When the west wind blows across the lake, it has to rise when it hits the cliffs along the eastern shore.
The other day, I watched a cabal of crows dancing in that upwards rush of air.
Traditionally, a collection of crows is called a “murder.” I don’t like that term. I suspect it was coined by someone who disliked crows and shot them whenever he could.
“Cabal,” to my mind, better fits crows’ mischievous nature. It’s also alliterative.
This particular cabal put on quite a performance.
A couple of them simply raced back and forth, just below the top of the cliffs, riding the air the way a surfer would ride a monster wave.
The rest – up to a dozen; they’re hard to count in constant motion – swooped and swirled just above the cliff edge. Right over my head. So close I could have hit them with a stick. Fortunately, I didn’t have one. So I just watched.
They flipped over and flew on their backs.
They played chicken (figuratively speaking). Two crows rushed at each other, only to swerve at the last possible instant.
They hovered on the wind, just staying still. Exactly (as Douglas Adam wrote in his Hitchhiker’s Guide to the Galaxy) the way a brick doesn’t. Or the way Gerard Manley Hopkins’ falcon rode “the rolling level underneath him steady air” in The Windhover.

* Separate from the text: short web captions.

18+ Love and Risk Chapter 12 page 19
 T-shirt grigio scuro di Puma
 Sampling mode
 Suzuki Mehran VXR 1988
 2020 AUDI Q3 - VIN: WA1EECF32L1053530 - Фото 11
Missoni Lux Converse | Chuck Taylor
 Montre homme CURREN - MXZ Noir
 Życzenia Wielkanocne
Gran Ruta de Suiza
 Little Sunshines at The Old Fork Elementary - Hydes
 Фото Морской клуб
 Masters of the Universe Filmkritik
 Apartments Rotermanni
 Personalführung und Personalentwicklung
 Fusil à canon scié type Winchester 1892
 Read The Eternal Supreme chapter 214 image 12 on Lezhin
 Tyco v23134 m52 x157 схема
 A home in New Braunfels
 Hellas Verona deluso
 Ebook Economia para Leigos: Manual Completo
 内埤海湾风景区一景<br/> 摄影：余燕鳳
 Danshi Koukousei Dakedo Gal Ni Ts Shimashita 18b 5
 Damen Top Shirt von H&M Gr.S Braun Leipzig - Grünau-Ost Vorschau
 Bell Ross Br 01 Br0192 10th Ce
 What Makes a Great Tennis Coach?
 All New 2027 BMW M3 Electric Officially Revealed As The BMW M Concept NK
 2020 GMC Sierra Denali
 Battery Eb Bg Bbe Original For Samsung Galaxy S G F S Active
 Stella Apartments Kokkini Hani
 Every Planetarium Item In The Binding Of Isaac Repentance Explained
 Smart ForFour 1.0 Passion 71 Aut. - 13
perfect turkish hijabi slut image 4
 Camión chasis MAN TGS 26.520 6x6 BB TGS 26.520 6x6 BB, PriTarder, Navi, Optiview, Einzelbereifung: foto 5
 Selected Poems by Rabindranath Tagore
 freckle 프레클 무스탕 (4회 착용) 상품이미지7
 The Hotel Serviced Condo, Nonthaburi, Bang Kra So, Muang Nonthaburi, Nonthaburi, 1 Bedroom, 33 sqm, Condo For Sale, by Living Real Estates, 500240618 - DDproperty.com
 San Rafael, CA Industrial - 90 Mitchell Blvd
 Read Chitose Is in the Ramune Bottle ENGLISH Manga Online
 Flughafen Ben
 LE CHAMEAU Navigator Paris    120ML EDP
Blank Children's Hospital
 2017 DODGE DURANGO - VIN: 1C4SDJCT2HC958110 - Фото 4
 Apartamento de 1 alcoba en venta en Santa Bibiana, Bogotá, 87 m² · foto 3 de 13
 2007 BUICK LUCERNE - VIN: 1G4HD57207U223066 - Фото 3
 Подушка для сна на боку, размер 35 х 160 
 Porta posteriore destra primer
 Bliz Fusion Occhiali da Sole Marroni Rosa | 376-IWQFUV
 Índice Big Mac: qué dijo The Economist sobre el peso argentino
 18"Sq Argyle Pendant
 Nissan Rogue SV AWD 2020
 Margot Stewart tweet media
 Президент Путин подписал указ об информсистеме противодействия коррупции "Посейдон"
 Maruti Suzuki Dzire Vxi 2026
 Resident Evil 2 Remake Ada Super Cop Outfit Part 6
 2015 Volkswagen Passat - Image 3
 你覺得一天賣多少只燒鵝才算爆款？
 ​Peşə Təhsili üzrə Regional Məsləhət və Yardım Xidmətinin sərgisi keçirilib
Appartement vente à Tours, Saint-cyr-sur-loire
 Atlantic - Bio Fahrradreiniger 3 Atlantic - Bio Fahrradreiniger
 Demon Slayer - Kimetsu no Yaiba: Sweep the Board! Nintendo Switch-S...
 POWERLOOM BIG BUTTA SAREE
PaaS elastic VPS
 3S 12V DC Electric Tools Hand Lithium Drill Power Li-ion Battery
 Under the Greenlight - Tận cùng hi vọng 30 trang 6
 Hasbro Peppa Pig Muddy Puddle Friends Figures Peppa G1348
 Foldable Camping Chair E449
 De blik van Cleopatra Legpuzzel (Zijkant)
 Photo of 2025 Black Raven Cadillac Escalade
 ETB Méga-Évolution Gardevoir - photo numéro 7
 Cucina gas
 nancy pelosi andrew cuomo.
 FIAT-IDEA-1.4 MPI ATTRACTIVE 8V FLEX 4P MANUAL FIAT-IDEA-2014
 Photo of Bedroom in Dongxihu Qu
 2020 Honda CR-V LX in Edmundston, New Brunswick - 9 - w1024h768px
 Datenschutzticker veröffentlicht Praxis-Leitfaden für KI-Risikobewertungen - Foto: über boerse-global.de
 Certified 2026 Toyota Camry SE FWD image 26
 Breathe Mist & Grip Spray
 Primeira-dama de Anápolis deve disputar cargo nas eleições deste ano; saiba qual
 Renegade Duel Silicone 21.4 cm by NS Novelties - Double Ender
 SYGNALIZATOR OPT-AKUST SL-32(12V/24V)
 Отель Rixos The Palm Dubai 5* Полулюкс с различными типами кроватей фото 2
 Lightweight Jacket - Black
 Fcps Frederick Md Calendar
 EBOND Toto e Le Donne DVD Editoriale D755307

They did a falling leaf routine, flopping forwards and backwards. I had never seen crows fly backwards before, but they did it.
They soared up, and let themselves crash, falling like a bundle of lifeless feathers as if someone really had shot them. Then they spread their wings and soared again.
I found myself envying their mastery of the invisible element they lived in.
Can they, perhaps, see wind currents in a way that we humans cannot?
Long ago, I dreamed of taking flying lessons. Of becoming an amateur pilot. Of seeing the world from a new perspective.
I never did it. For all the usual reasons – money, career, mortgages, children…But even if I had learned to fly, I would never have risked the crows’ stunts. To let my wings flap loose? To let go of the controls? To tumble, loose, broken…?
I don’t have the courage to crash with my feet on the ground, let alone high in the air. I’m too afraid of getting hurt.
I wondered what they were doing.
It seemed more than just spontaneous. To have that many crows, all cavorting at once suggests an intentional gathering.
Was it a mating game?
Were they enacting some kind of a religious ritual? Crows are certainly intelligent enough to develop some common concepts of the meaning of life.
And then, abruptly, they were gone.
I didn’t see any of them shake hands with a waiting crow at the edge of the cliff as they left, so it can’t have been a worship service.
Perhaps they were just having fun. Taking a break from the thankless routines of building nests, finding food, feeding gaping mouths.
Sudden thought: Could they have done their dance for me? To tell me not to take life so seriously? To let go, to laugh wildly, to do silly things?
Would crows ever do that?
Jim Taylor lives in Lake Country.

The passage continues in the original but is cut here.